On to your suggestions:
ESP_Angus wrote: ↑
Wed May 01, 2019 11:53 pm
Any chance you could install binwalk
and run "binwalk -E flash_readback.bin"? This produces an analysis of the entropy level in the file. You should see close to 1.0 entropy level for all of the encrypted flash after the first 0x1000 bytes, up until the repeating pattern at the end.
Yes, the results are: all 1kb blocks of the bootloader have similar entropy, around 0.97. Just the last one is 0.94. I think it's not the case of an unwarranted write.
With your decision guide it should be case #1.
But it's not absolutely clear:
- the flash (an external Winbond flash chip) is not under harsh conditions, voltage- and temperature-wise.
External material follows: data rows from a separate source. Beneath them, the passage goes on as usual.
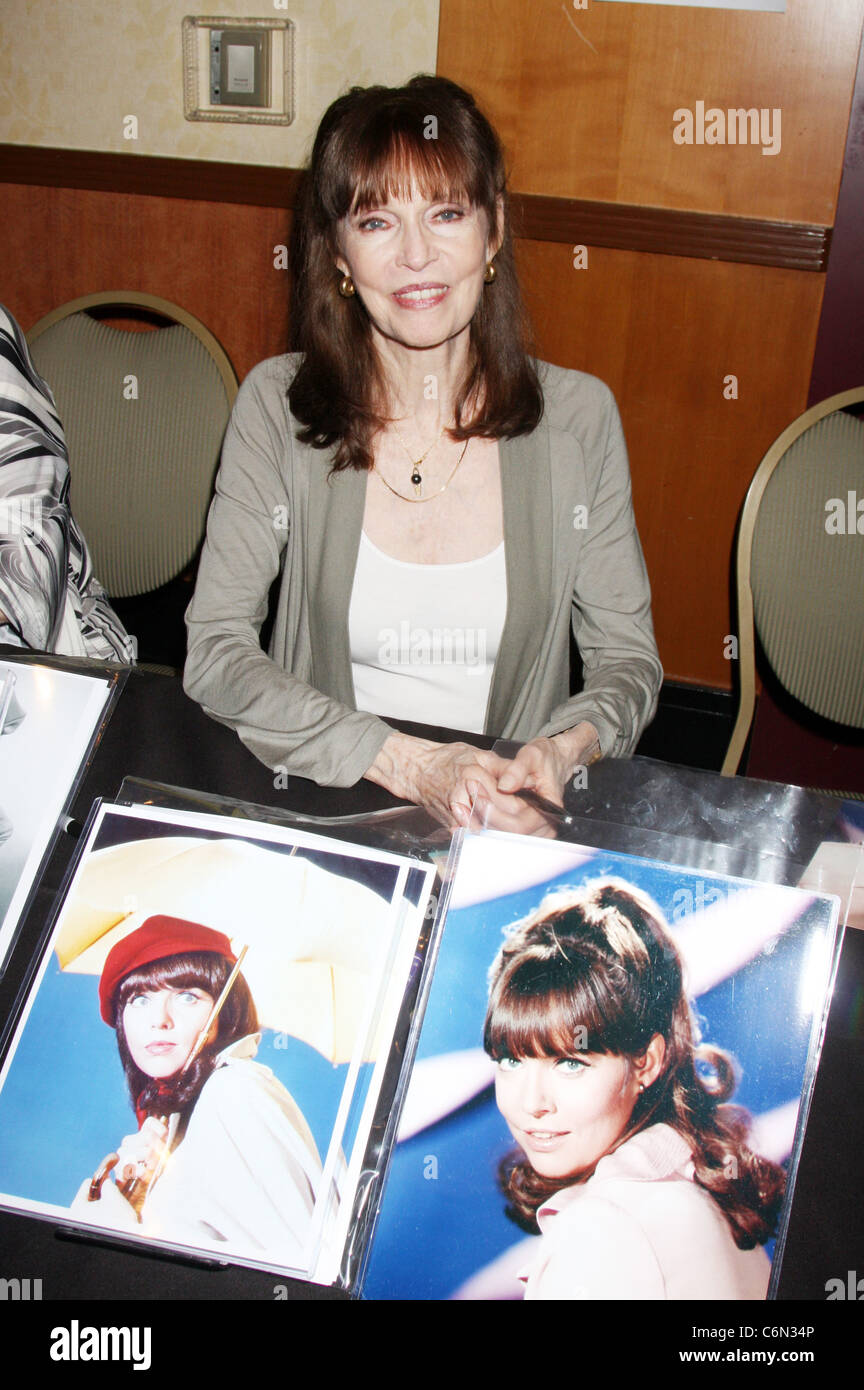 Barbara Feldon Hollywood spettacolo presso il Marriott Hotel di Burbank Los Angeles, California, Stati Uniti d'America - 24.07.10 Foto Stock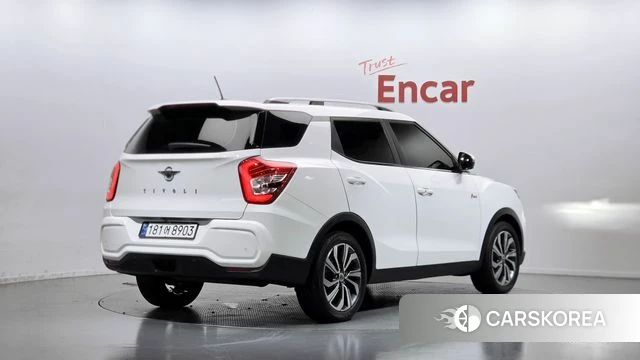 Ssangyong Tivoli Air id 5003613 из Кореи 12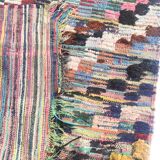 Carpet berbere boucherouite 194x108cm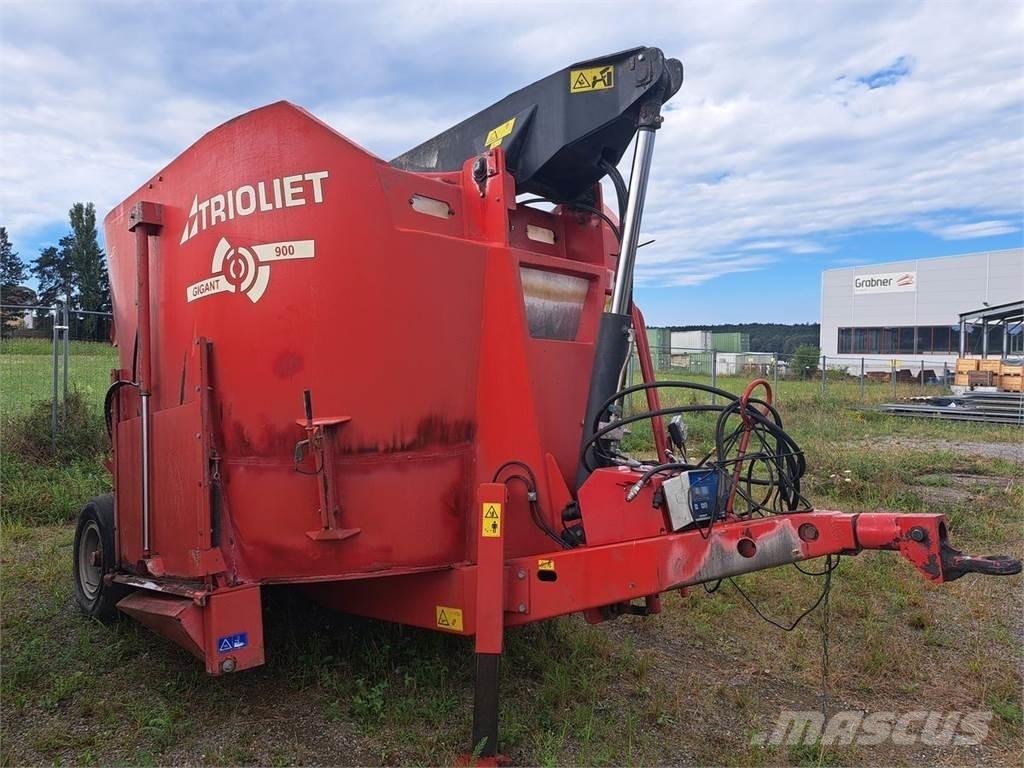 Trioliet Gigant 900 Sonstige Landmaschinen
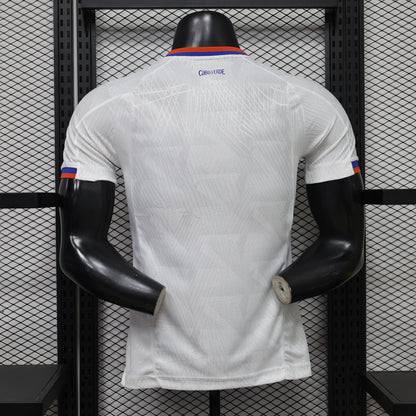 2026 Cape Verde Home Player Version World Cup Jersey S-XXL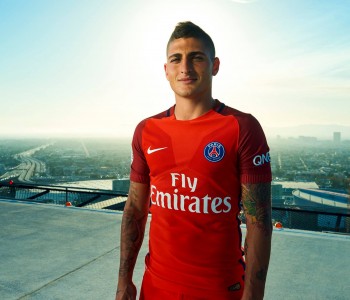 PSG, la maglia away 2016/2017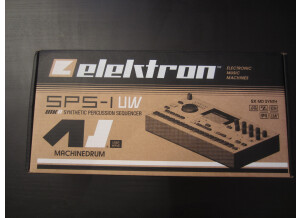 Elektron Machinedrum SPS-1UW MKII (97562)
- the issue is definitely not caused by OTA updates; they are infrequent, and when we do them - the devices don't fail right away. They fail during normal work, long after the update was applied and have reported working;
- the cause of the issue is quite probably hardware instability (as you suggest), which is caused by external noise source. The devices are near an internal combustion engine. Some of them sometimes restart unexpectedly (some have no issues, it's borderline). The restart rate is rare, however; e.g. once per hour of uptime. The thing I'm wondering is how can such a hardware instability corrupt the bootloader in particular; i.e. why the bootloader, why not something else?
We use a custom PCB, the ESP chip is not in a module. The power is through a LDO to 3.3V, it has 1µF+10µF decoupling caps. The input to the LDO is a 18650 battery, and it's kept at 80-100% SoC.
There are two other tell-tale signs that I noticed today:
1) It seems that the bootloader corruption is "gradual". I mean the devices aren't awake most of the time, they wake up from deep sleep at periodic intervals and report data back. So the device whose bootloader got corrupted normally outputs e.g. 24 reports per day, but then one day it had just 3 reports, the next day just 1, and the next day 0. Almost as if some bit of the bootloader got weak and varied randomly between 0 and 1 on each boot, gradually assuming the new / flipped value as time progressed. This is a pure speculation, but may also explain the other device which computed different checksum each time... (the 80MHz by itself doesn't explain it to me. The device boots and works on 80 Mhz; 40 MHz is just better than 80 MHz in the noisy environment, but I was seeing this checksum variation in the lab, where it's quiet...)
2) The bootloader sometimes (rarely) decides to load the factory app, not one of the OTAs. I'm wondering why would it select to do that? This happens "in the field", in the noisy environment.
Many thanks for your other comments. As per your suggestions, it wouldn't make sense to disable WiFi's usage of NVS, it's definitely not writing to the flash more than once, and it's not causing the issue.